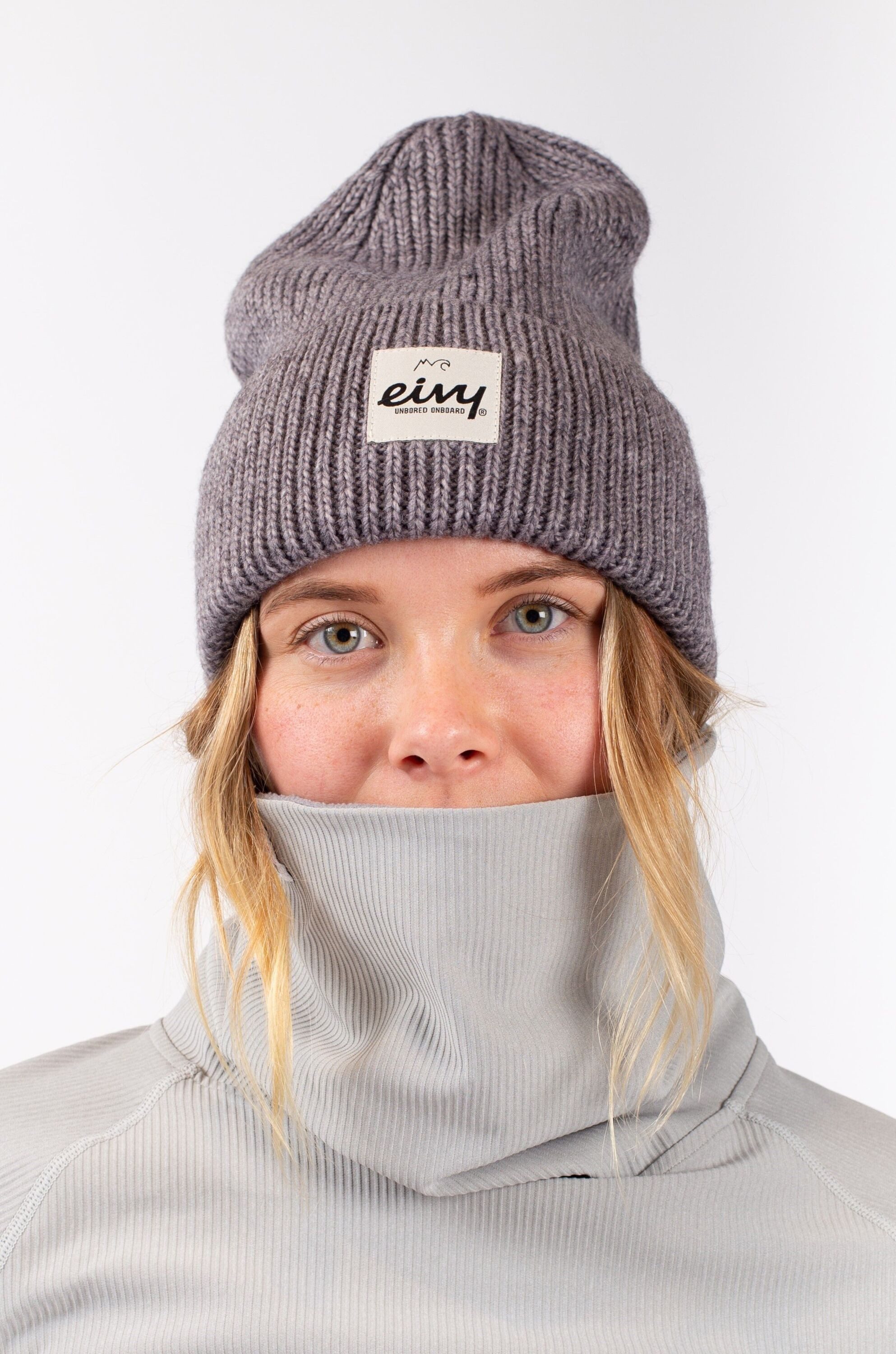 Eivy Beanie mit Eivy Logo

---*---

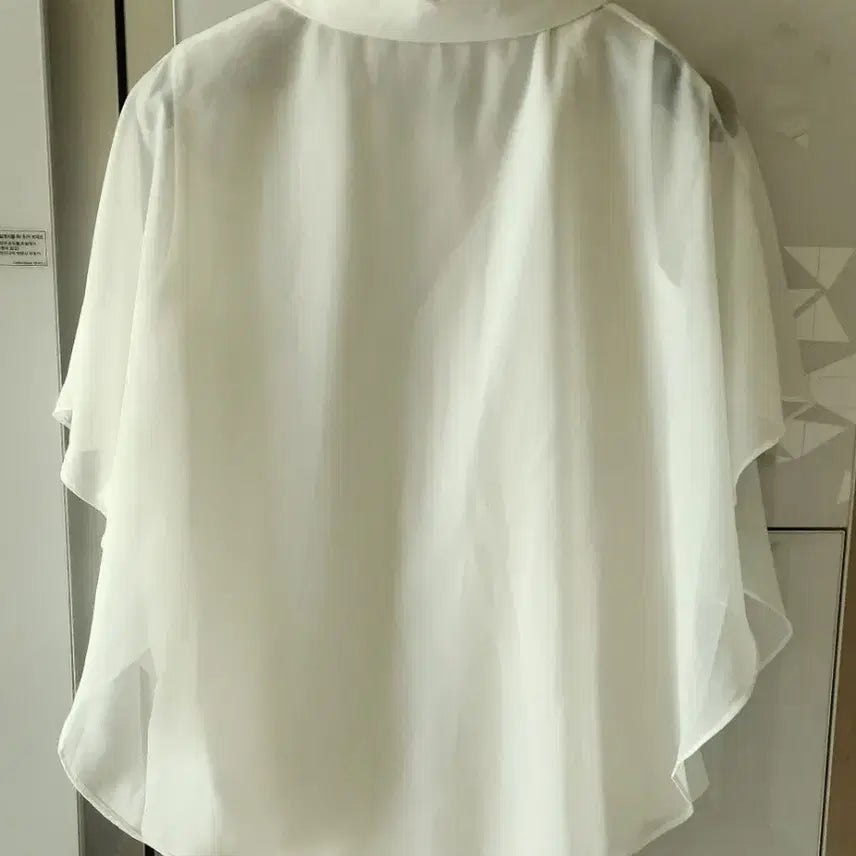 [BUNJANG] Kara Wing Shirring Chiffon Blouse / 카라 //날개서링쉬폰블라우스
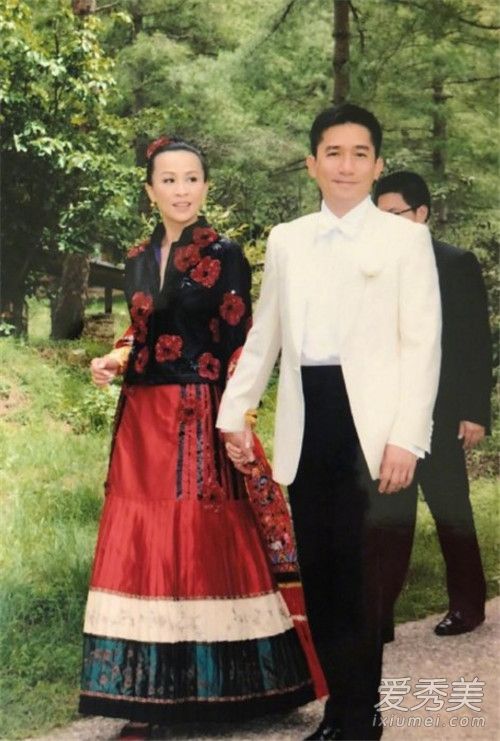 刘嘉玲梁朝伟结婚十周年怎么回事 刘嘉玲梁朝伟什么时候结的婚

---*---

> [What to do]: Output exactly those lines of the data above that run from the line with "[BUNJANG] Kara Wing" up to and including the line with "刘嘉玲梁朝伟结婚十周年怎么回事 刘嘉玲梁朝伟什么时候结的婚". No pictures go in.

> [Finished task]:
 [BUNJANG] Kara Wing Shirring Chiffon Blouse / 카라 //날개서링쉬폰블라우스
 刘嘉玲梁朝伟结婚十周年怎么回事 刘嘉玲梁朝伟什么时候结的婚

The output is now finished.